My mom used to make me watch Lawrence Welk with her, I now have something in common with Paulie Walnut

Only 2 episodes left? What? That is very disturbing news. I was just defending this show, saying soething was going to happen soon,but I could have done without this whole season so far. It pains me to type this, but I could have done without the return if this is all we are going to get.

Kat Author Profile Page:

They're doing two mini-seasons this year. About six months from now they'll do the final eight or so episodes.

dahrache Author Profile Page:

The way Paulie said, "biopsy" had me laughing.

Well, Edhill, I say pop. My husband says soda and it cracks me up everytime. We are from the same state so I don't know where he gets it. Obviously, y'all are all wrong and the correct word is POP.

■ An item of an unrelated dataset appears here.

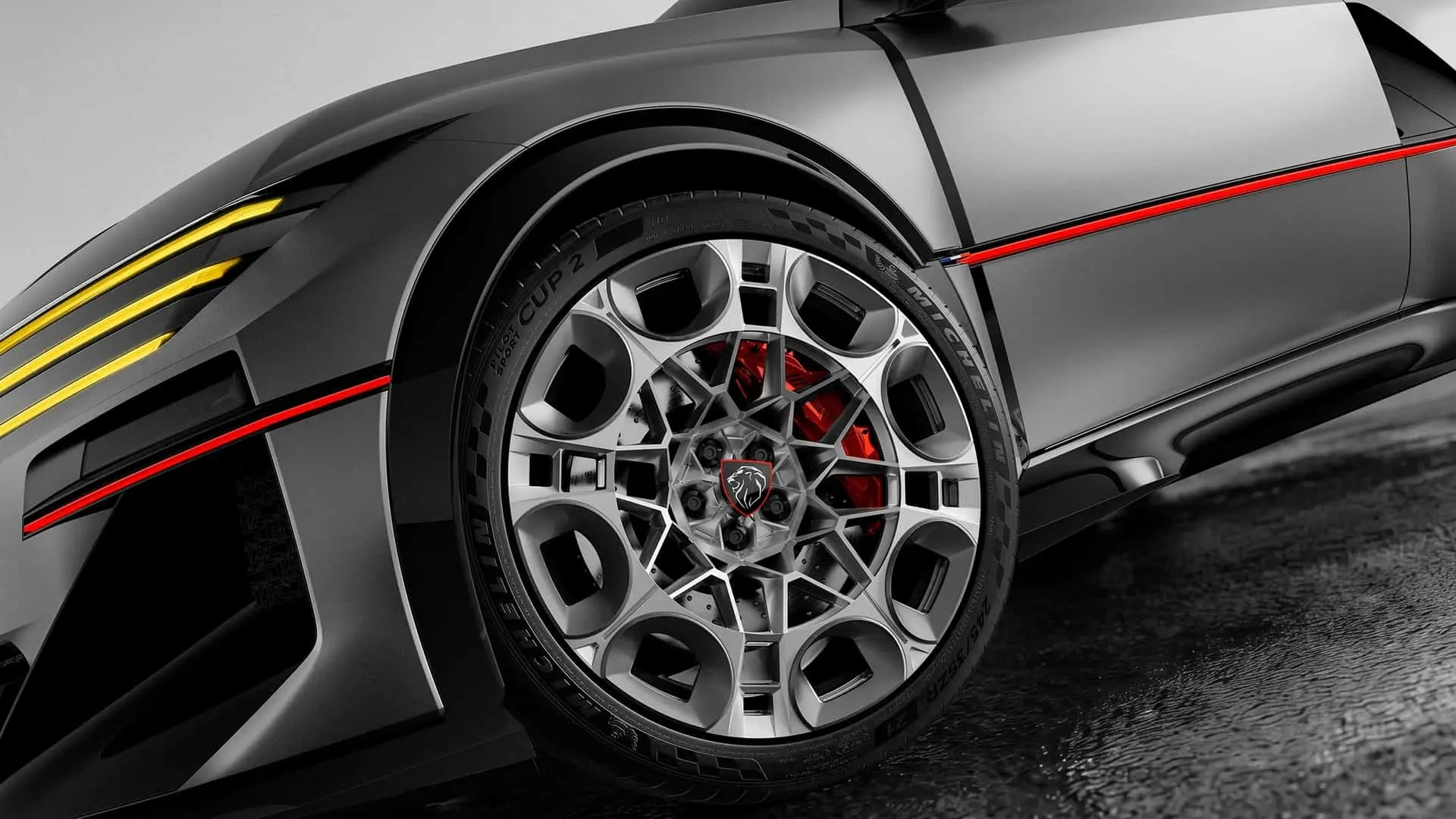 رینگ و لاستیک میشلن (Michelin) خودروی مفهومی پژو ET-16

arnold_drummon Author Profile Page:

First things first, this show is nothing but an empty shell of itself, it's gotten so boring. And will Carmela quit yapping about her "spec house". Yeesh.

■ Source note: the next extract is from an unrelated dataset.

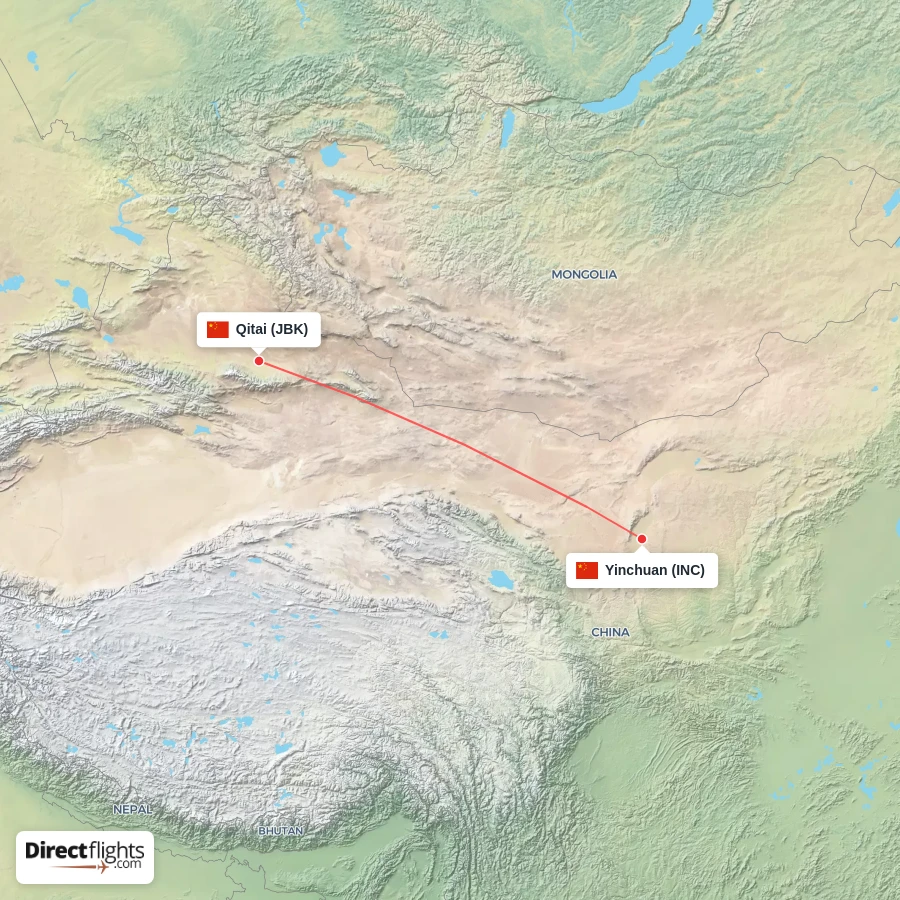 JBK - INC route map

The saving grace of this season came with Vito's utterance to his fistafireman: "I love you Johnny cakes". How awesome was that, why is no one else talking about it?

hilcat Author Profile Page:

Does it bother anyone else how heavy Tony breathes? For the first half of the season, I thought it was symbolic of him being shot and that they were going to do something with it -but they haven't. And it's annoying. You'd think they would have edited that out.

I think it was a huge mistake to break the final season into 2 mini seasons - especially with all the filler and lame storylines that never go anywhere.

humminbird Author Profile Page:

g-money(#14) and honeybunny(#19) - i think i remember christopher (or somebody) dropping off adriana's body in a suitcase at the airport--does anybody else remember this??

hilcat (#19) - i agree about tony's breathing. it's very distracting and disgusting sounding.